After three months of waiting since I knew Minnesota-band Howler was coming to play Debaser, last Thursday was finally the day I got the chance to experience myself what NME had been hailing as the best new band in 2011.
Around 8.40 pm, the Canadian four-piece band Hooded Fang opened the show delivering a solid performance through and through of more or less 10 indie-pop songs with danceable 60’s rock sound. Shamefully, the audience who sparsely filled the room seemed reluctant to move their bodies which I bet they secretly wished have done, well maybe except for the one girl who could not look away from seeing Howler’s Jordan Gatesmith (vocal) and Max Petrek (bass) who stood by the stage watching Hooded Fang played. Even so, it did not stop the pair of Daniel Lee (main vocal, guitar) and April Aliermo (bass, vocal) from embracing the crowd with friendly greetings and funny and slightly inappropriate jokes as common attributes they apparently shared with Howler. From that moment on, it was really nice to see how in juxtaposition these two bands took their shows both lightly and seriously which has become their appeal beside their music. Anyway, Polaris Prize-nominated Hooded Fang has released two greatly praised albums called Album and Tosta Mista for you to check out.

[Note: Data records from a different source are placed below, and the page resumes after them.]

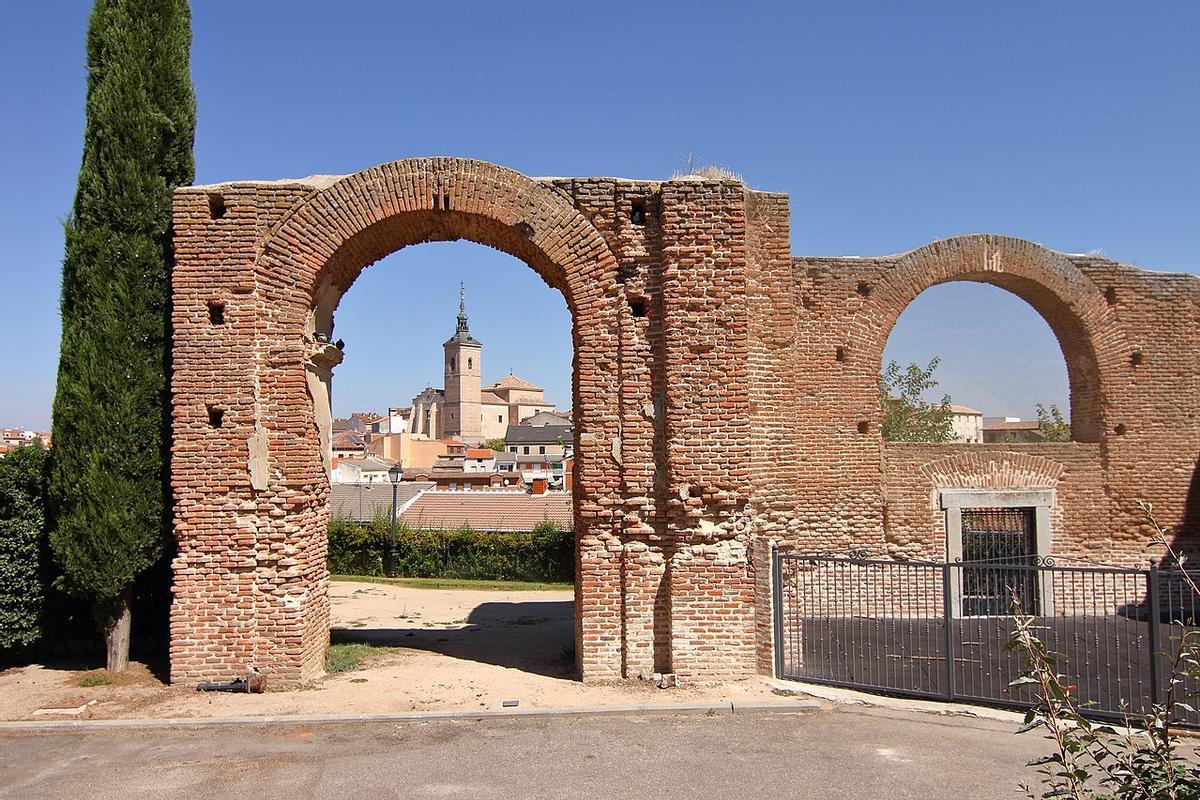 Las ruinas de la iglesia de San Andrés con la iglesia nueva al fondo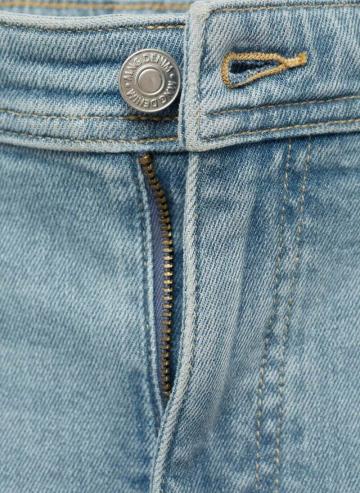 Узкие джинсы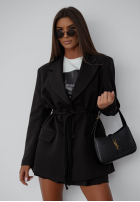 Sako z wiązaniem She Believed It čierna
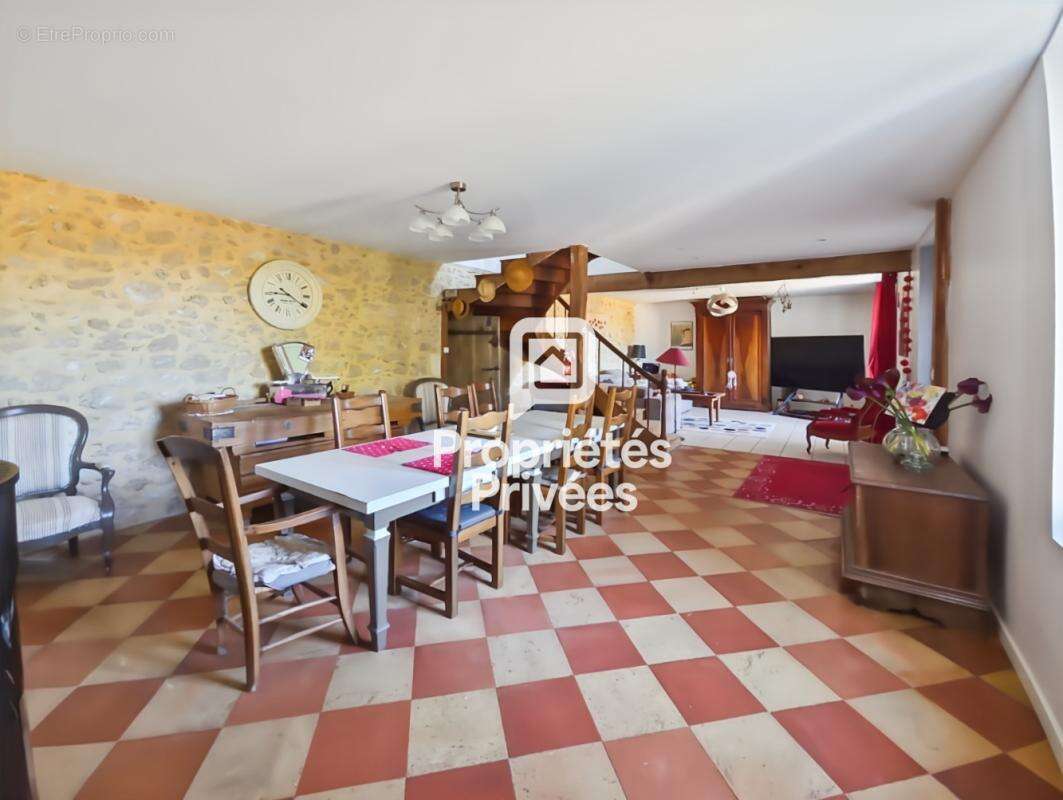 Maison à SAINTE-BAZEILLE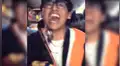 Músico peruano entretiene a pasajeros del Metropolitano cantando tema de Shakira [VIDEO]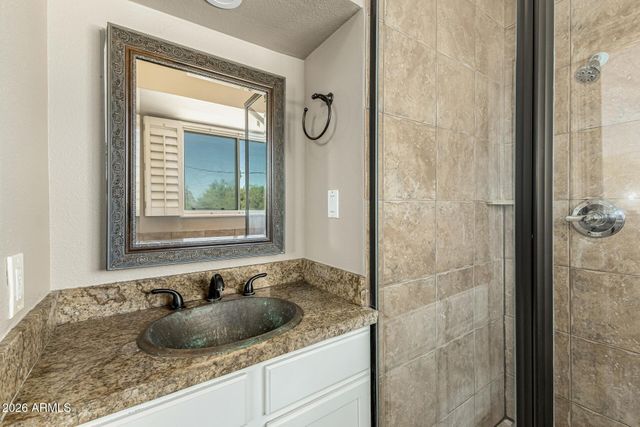 8538 E MCDONALD Drive, Scottsdale, AZ 85250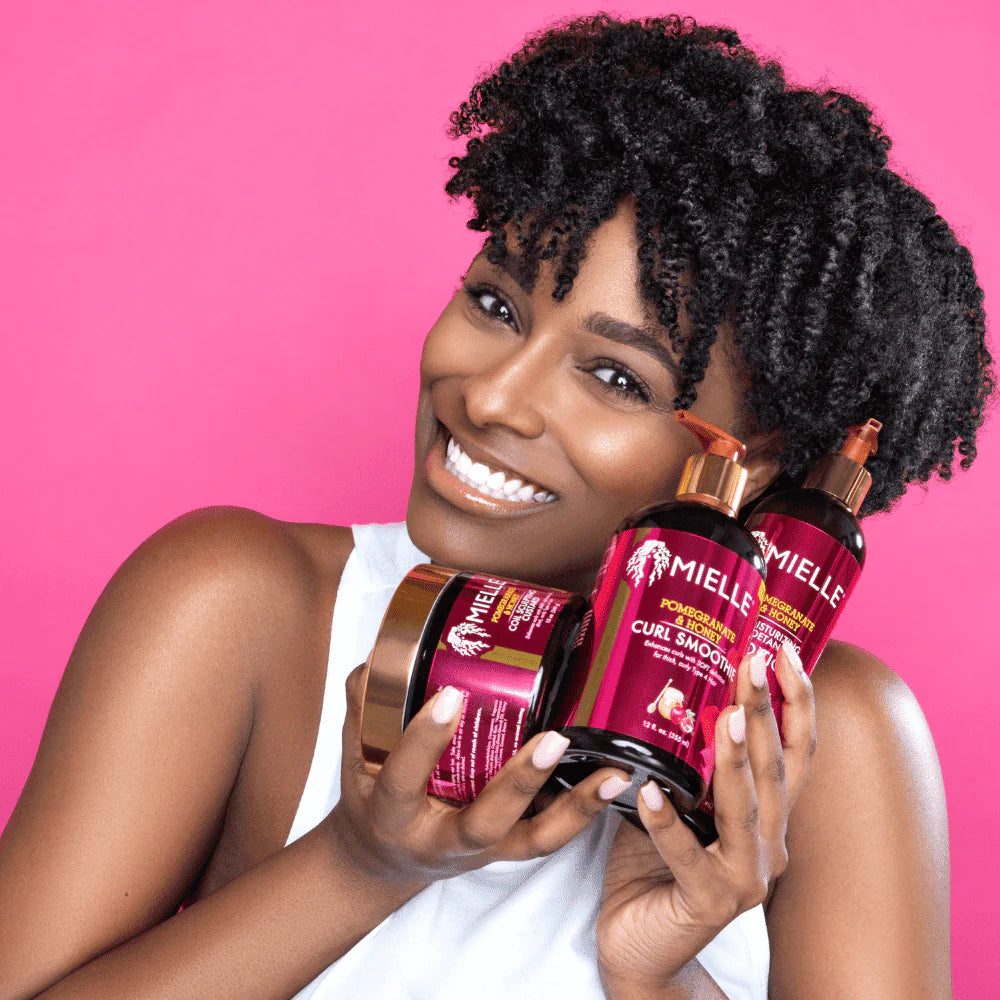  Charlie's Hair and beauty Mielle Pomegranate & Honey Curl Smoothie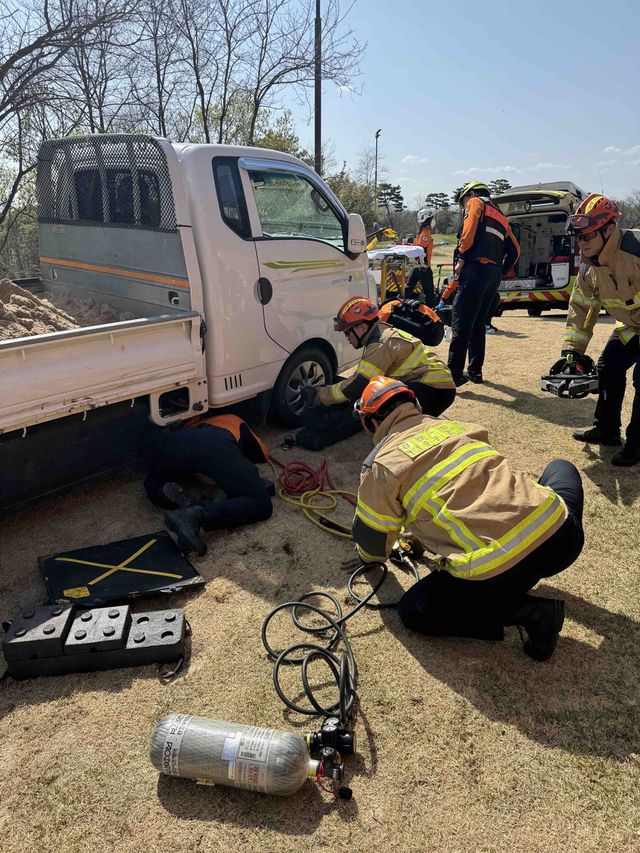 트럭 아래 깔린 작업자 구조하는 소방대원들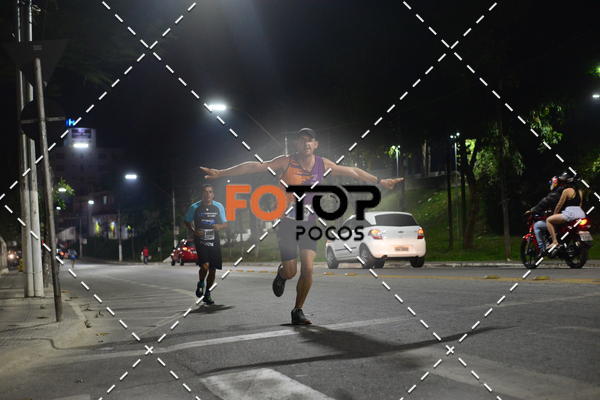 Buy your photos of the eventPA Rock Run - Corrida Noturna on Fotop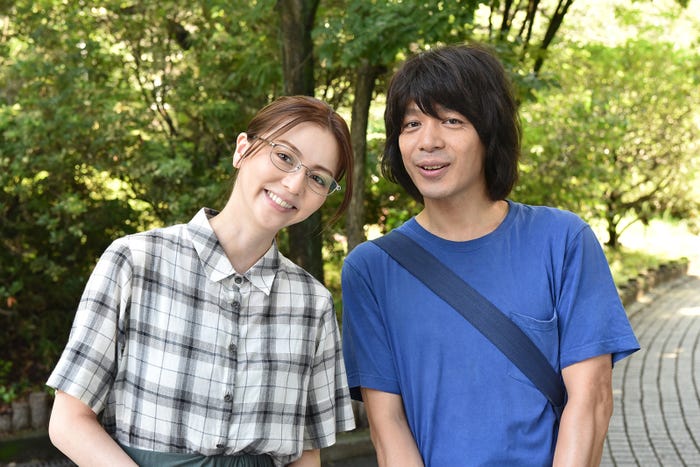 香里奈、峯田和伸(C)日本テレビ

After doing sound check by themselves, Howler finally took the stage shortly before 10 pm. Kicking off with Wailing (Making Out), Howler effortlessly showed their quality, but when I looked at people around me, there was an atmosphere of uncertainty of how good or bad the night would turn out. Throughout all the songs which were taken from their debut album America Grow Up, some genuine fans in the front row let loose with the music (especially during Told You Once and Back of Your Neck), yet some others were unmoved. It was absurd (and a pity), but it was a relief as well to see that the crowd still appreciated the band in their own way because they should have. Musically, in my opinion, Howler is The Strokes meets The Libertines. However, Jordan’s low, rough and sometimes a bit mumbled voice, Ian Nygaard’s sharp guitar playing, Max Petrek’s kicking bass and Brent Mayes’ powerful drumming brought on their own kind of rock and roll and professionalism. They were loud, a good kind of loud which could make you just want to grab someone and dance like no one was watching. The fact that Ian had to use Jordan’s guitar because of his own broken strings in the middle of the show and how they were actually looking forward to going home after a long tour did not make me doubt of their young, fresh and huge talents. Behind the skinny jeans and the sneakers, they have quality which makes everything totally worth it. Howler lived up to the hype, and absolutely so much more.